2.5kW. The hollow cathode arc pre-damper burns at this time with a power of 3kW. The

Evaporation rate of titanium is negligible at this power. After completion of the Cleaning process, the Hohlkatodenentladungsverdampfer to 1OkW and the electron beam evaporator 2 on

4kW separately up-regulated. At the same time, inert gas (argon) is injected via the gas inlet system 5 into the reactive gas (nitrogen).

admixed. During the coating process, a working pressure of 2 × 10 ^-1 Pa prevails in the recipient 1.

(The vapor deposition rate for boron is 0.4 nm / s, for titanium 2 nm / s).

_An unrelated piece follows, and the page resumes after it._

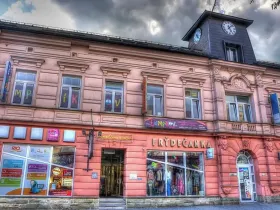 Pronájem obchodního prostoru, Frýdek-Místek, tř. T. G. Masaryka, 36 m2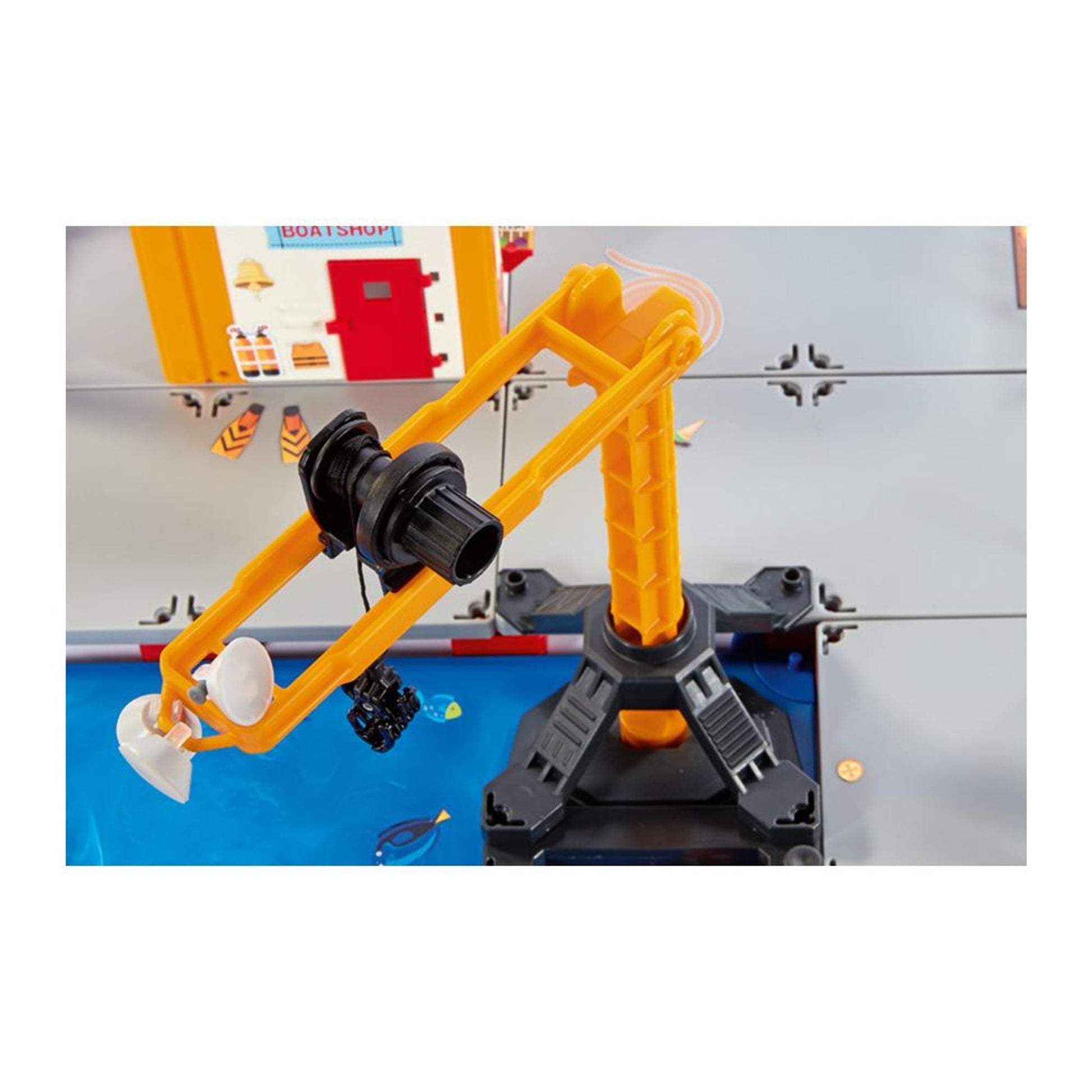 Siku / Sieper GmbH Spielzeug-Anlegestelle aus Kunststoff, 90×38,4×39,7 cm – Produktbild 3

The carbide indexable inserts are located on the rotating substrate holder 9. The mean distance between the substrates

of the evaporators is 50cm.

The titanium boron nitride layer deposited by the device during a coating time of 30 minutes has a Layer thickness of about 1 pm and has a hardness of H »40GPa with good adhesion.

Claims (4)

1. An apparatus for plasuinagestützten Abscholdung of hard material coating systems, in particular Misch- or Mohrfochschlchton mlttols evaporation, characterized in that in a vacuum chamber (1) separated and independently controllable, a Bogonentladungsverdampfer (3,4) for titanium and an electron beam evaporator (2) for boron and aluminum in the homogeneous atmosphere of a nitrogen-argon plasma and the substrate receptacle (9) are arranged in the region of a constant ion power of 19 ⁹ -10 ¹⁰ l / cm ³ . 2. Apparatus according to claim 1, characterized in that the electron beam evaporator (2) by means of a shield (11) is grounded with ground potential from the plasma region. 3. Apparatus according to claim 1 and 2, characterized in that the substrates (12) have a variable negative bias. 4. Apparatus according to claim 1 to 3, characterized in that the arc discharge evaporator consists of hollow cathode (4) and anode (3).